Zinc chloride demonstrated acute toxicity via the inhalation route (LC50≤ 1,975 mg/m3). However, since the exposure of the animals to the size of the particles is not truly representative of exposure to humans under normal conditions, it is difficult to assess whether or not, zinc chloride is acutely toxic since a four hour LC50value could not be derived and a clear dose-response relationhip coud not be established. Airway irritation has been observed both in animals and in humans, zinc chloride has the potential to be a respiratory tract irritant.

Zinc sulphate is not acutely toxic via the dermal route (LD50 >2,000 mg/kg bw). Effects of inhalation exposure to zinc sulphate were limited to pulmonary effects only.

Justification for classification or non-classification

Soluble zinc nitrate is harmful following acute oral exposure (300 > LD50 < 2000 mg/kg bw) and meets the classification criteria for harmful if swallowed: Acute Tox. Cat. 4: H332.

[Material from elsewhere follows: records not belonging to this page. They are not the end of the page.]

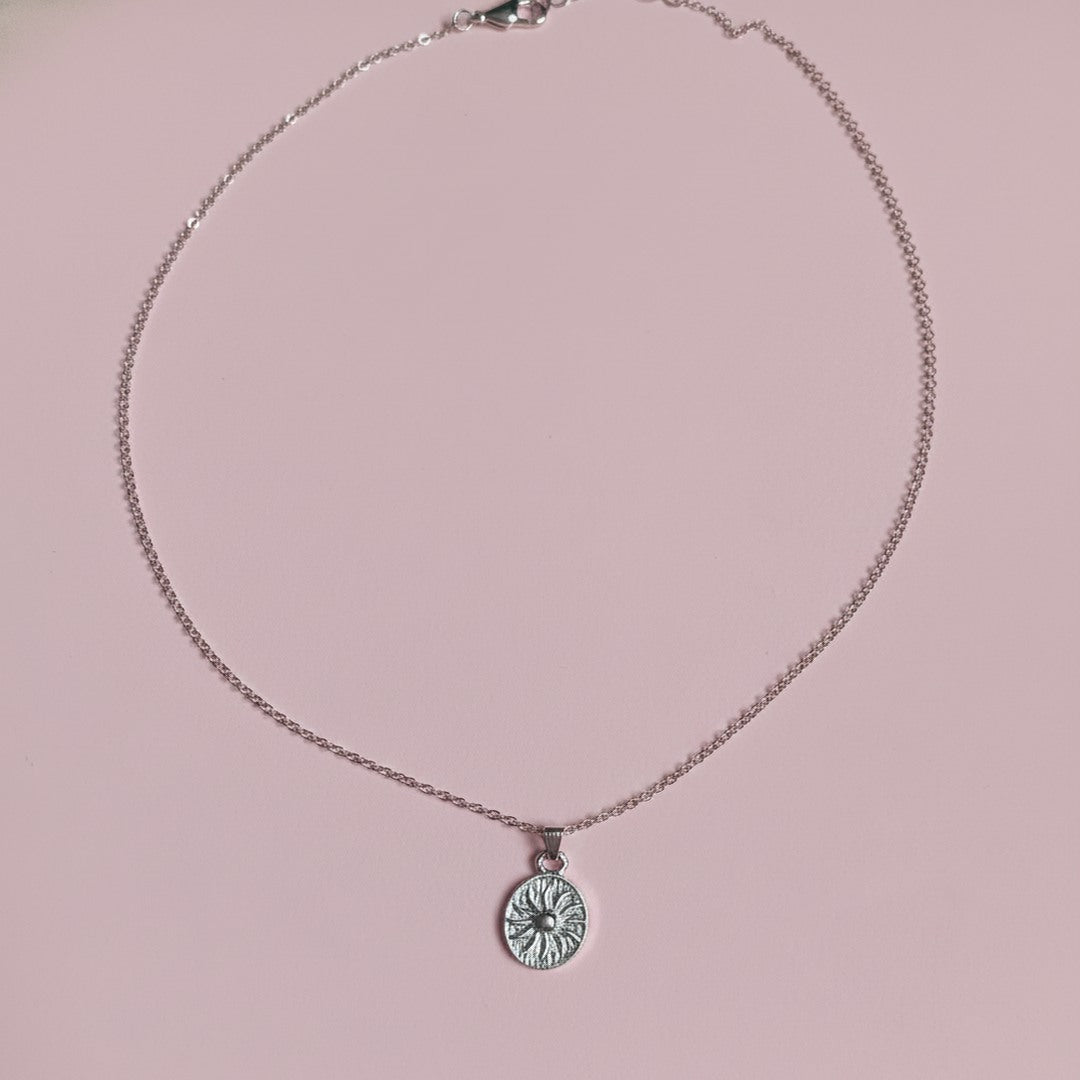 Gümüş Güneş Kolye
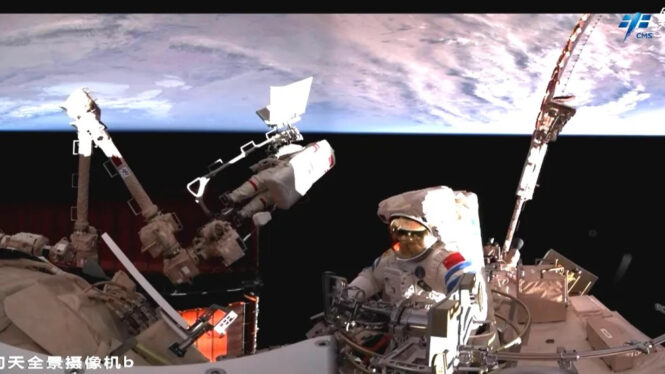 Chinese astronauts conduct record-breaking 9-hour spacewalk outside Tiangong space station (video)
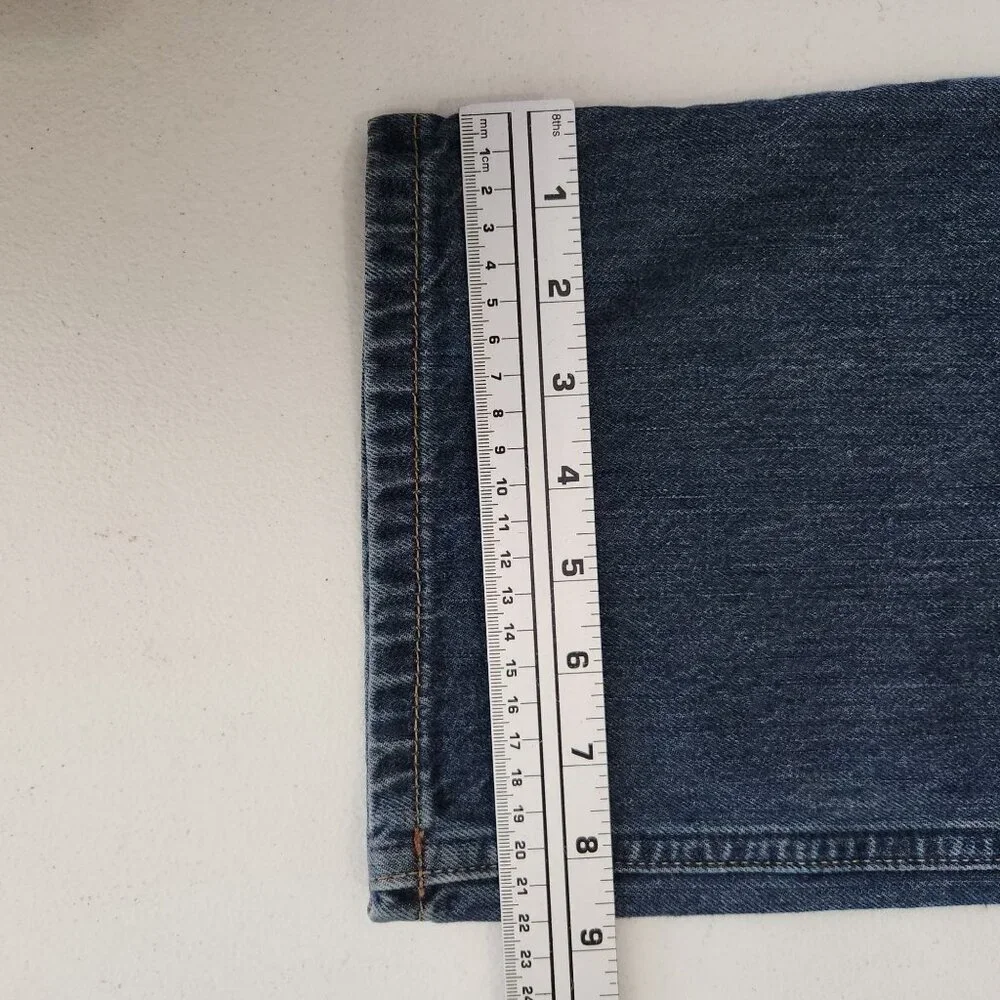 Old Navy Mens Regular Fit Denim Jeans Authentic Classic Blue Wash 32x32
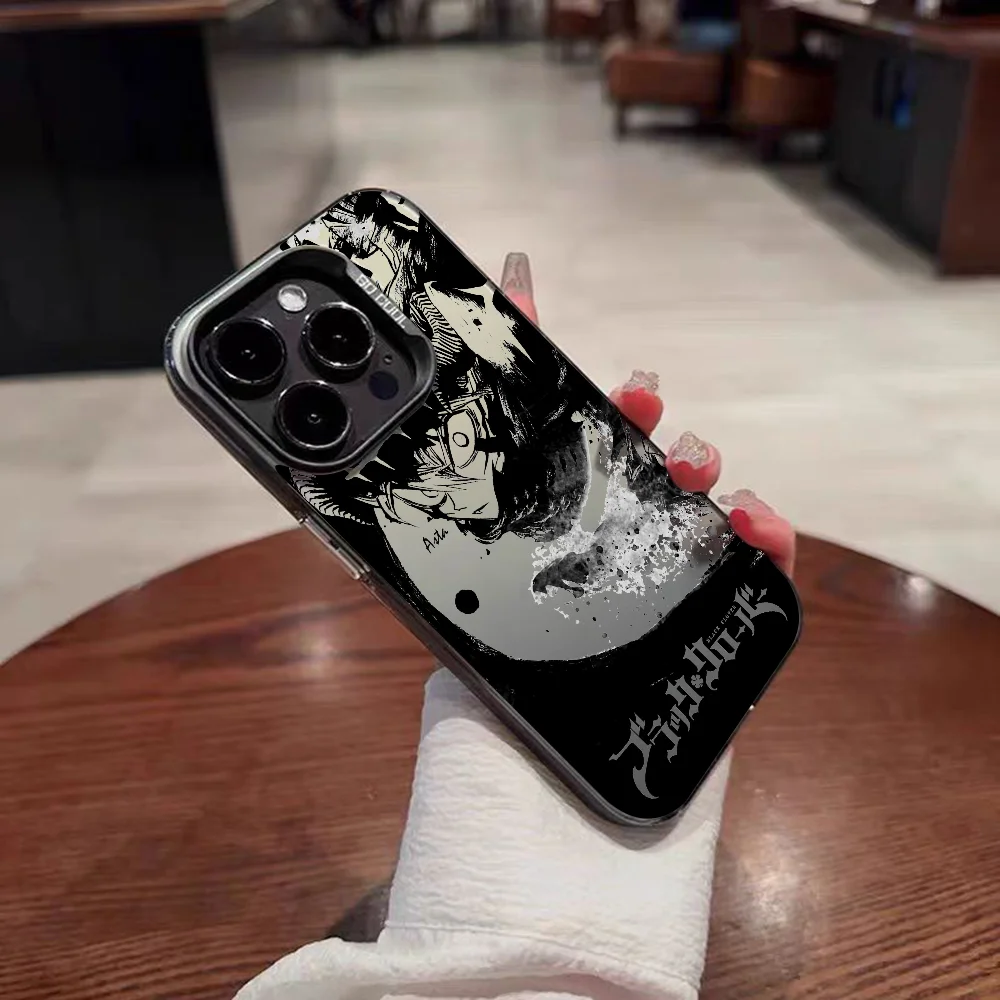 أستا كارتون B- حافظة هاتف بلاك كلوفر لهاتف آيفون 16 15 14 13 12 11 برو ماكس بلس غطاء خلفي فضي مقاوم للصدمات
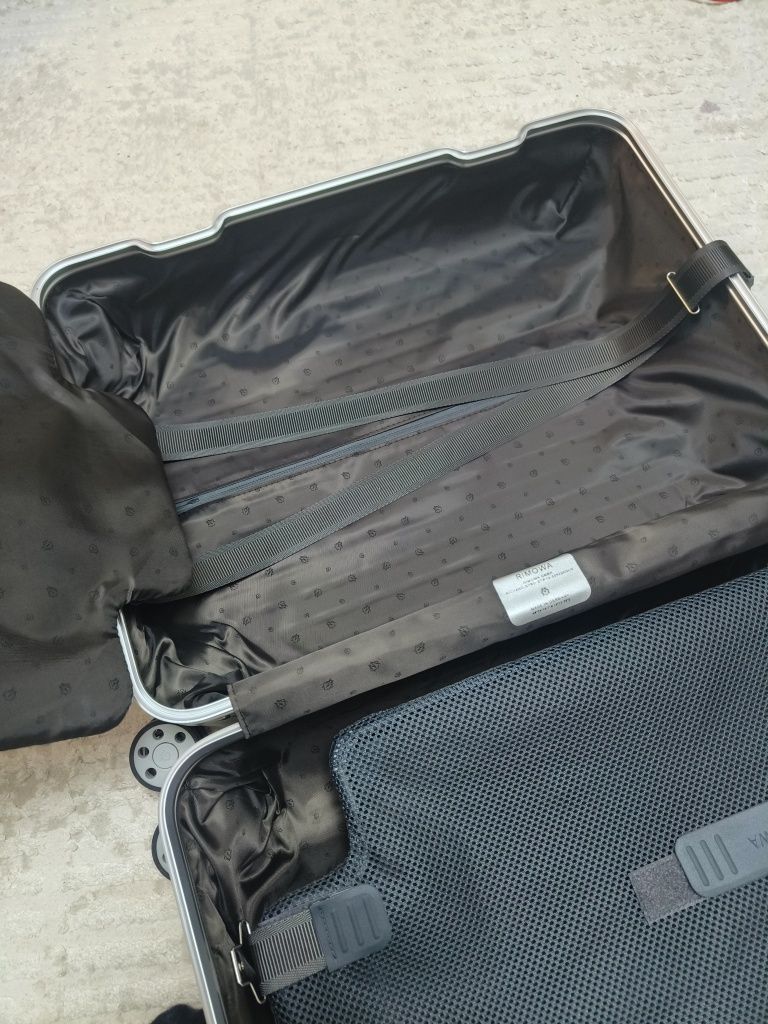 Продаю Чемодан Rimova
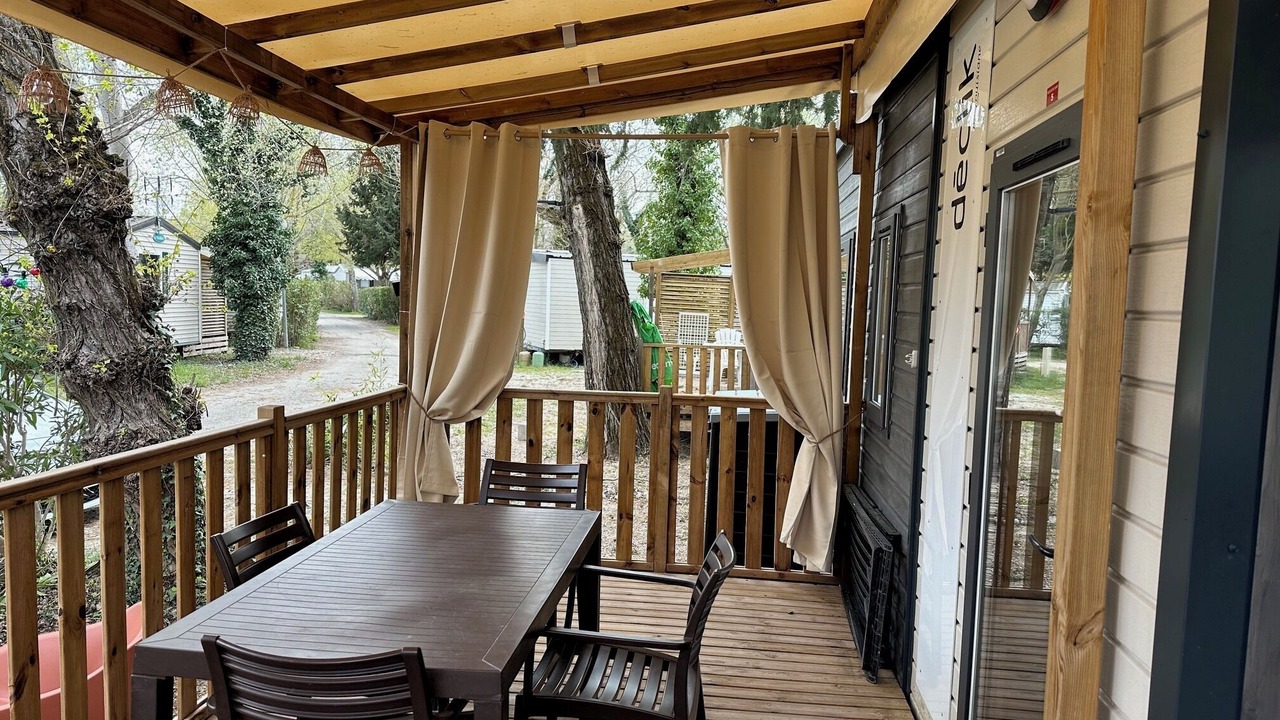 Photo of Outdoor in La Roque-d'Antheron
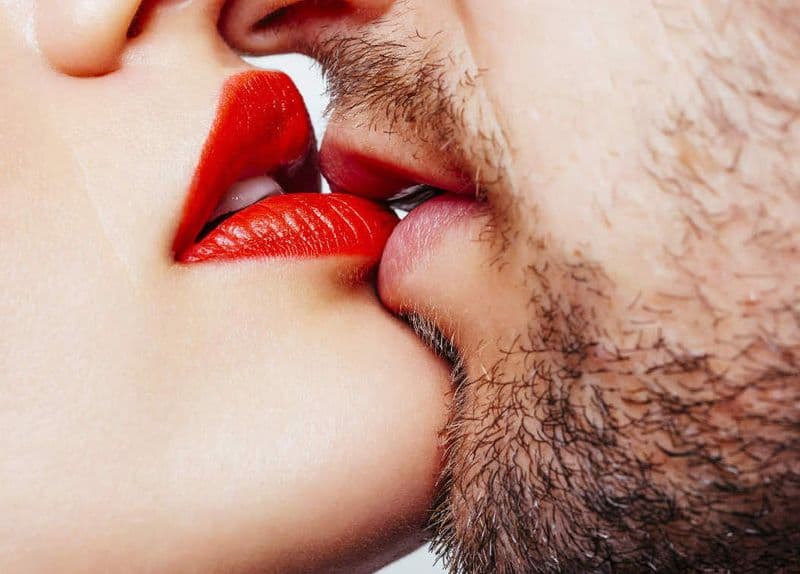 SENTIMENTI – Il primo bacio, mannaggia che errore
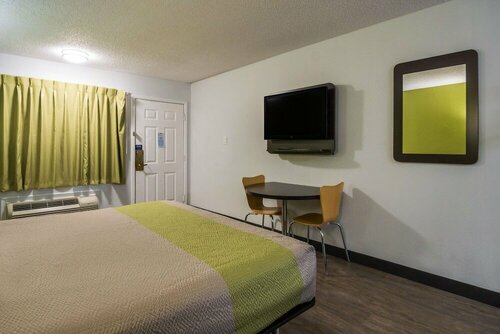 Motel 6 Irving - Loop 12, Забронировать Мотель Отели Dallas - Fort Worth Metropolitan Area с парковкой, Парковка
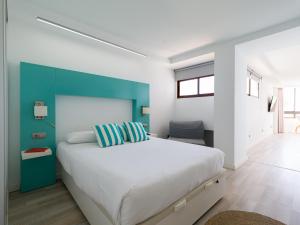 Posteľ alebo postele v izbe v ubytovaní Aguila Beach Ocean View By CanariasGetaway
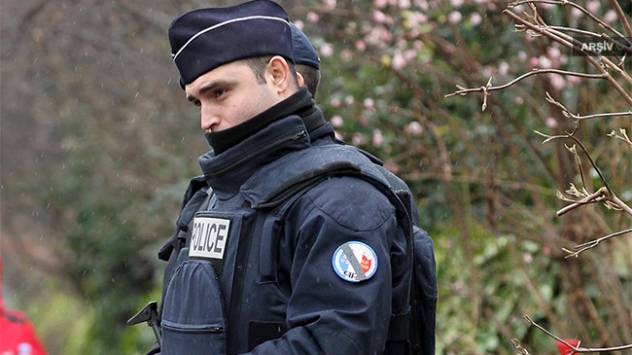 Fransa'da Müslüman mezarları tahrip edildi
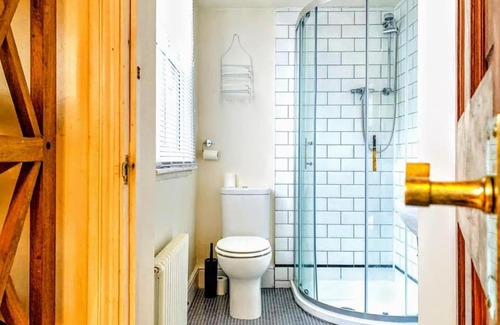Hastings House | Cute Cottage 5 min walk from Cafés Station and Sea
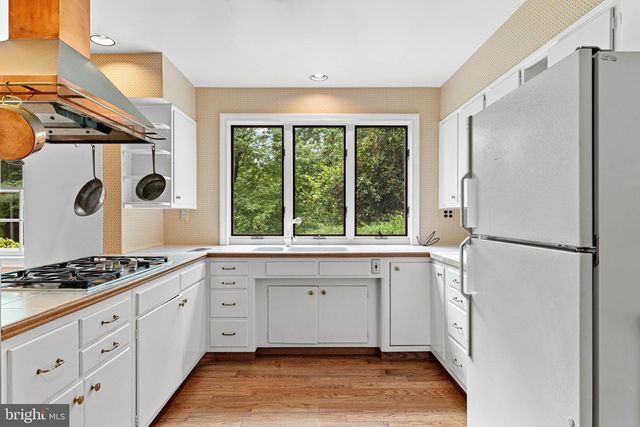 1312 PARTRIDGE LN, Villanova, PA 19085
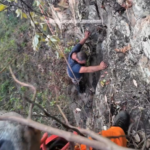 ‘estou-aqui-para-contar-a-historia’,-diz-turista-que-ficou-preso-em-penhasco-por-cerca-de-16-horas-no-to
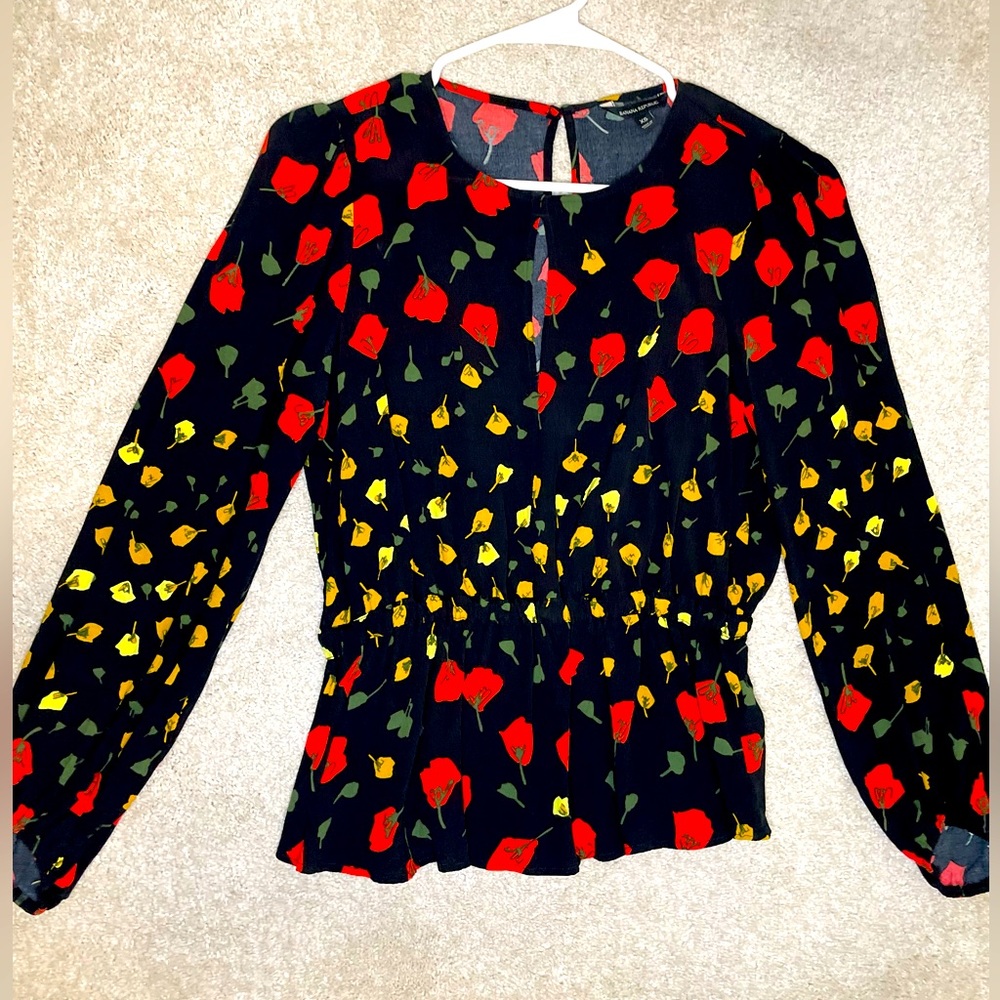 Black floral gathered waste top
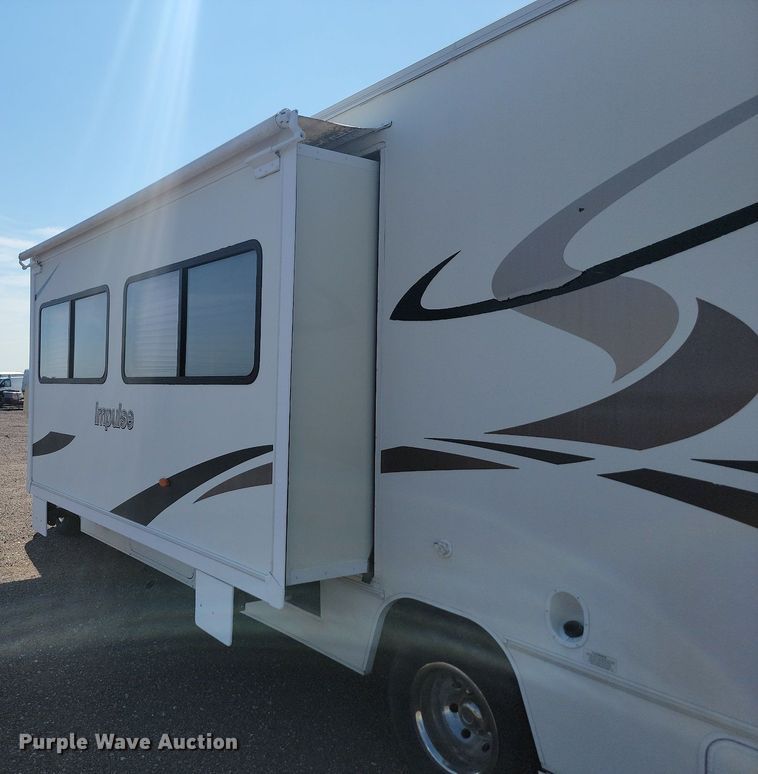 image for item LQ9236 2007 Winnebago Impulse  RV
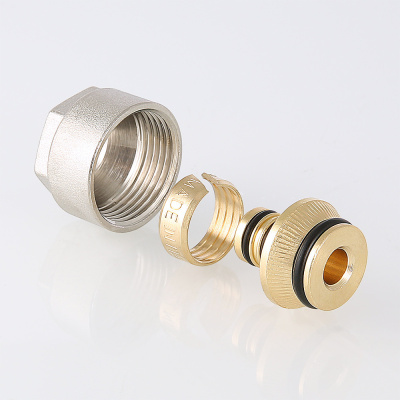 Евроконус для металлопластиковой трубы 16 х (2,0) x 3/4" VALTEC VT.4420.NE.16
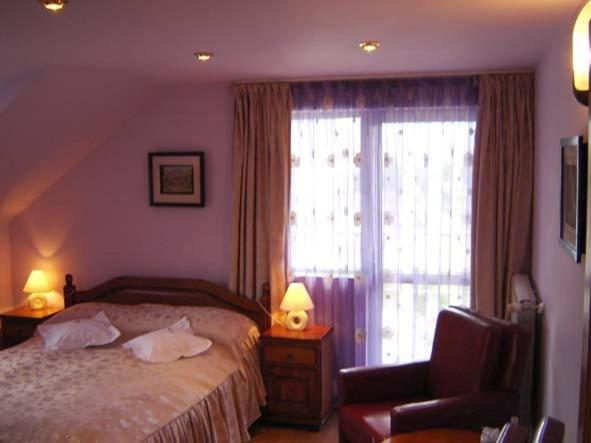 Hotel Cosmos Câmpulung Moldovenesc Chambre photo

There are no specific data for zinc nitrate available on which to evaluate for acute inhalation and dermal toxicity. Read-across towards soluble zinc chloride and zinc sulphate, indicates that zinc nitrate is of very low acute inhalation and dermal toxicity not requiring a classification according to the EC criteria.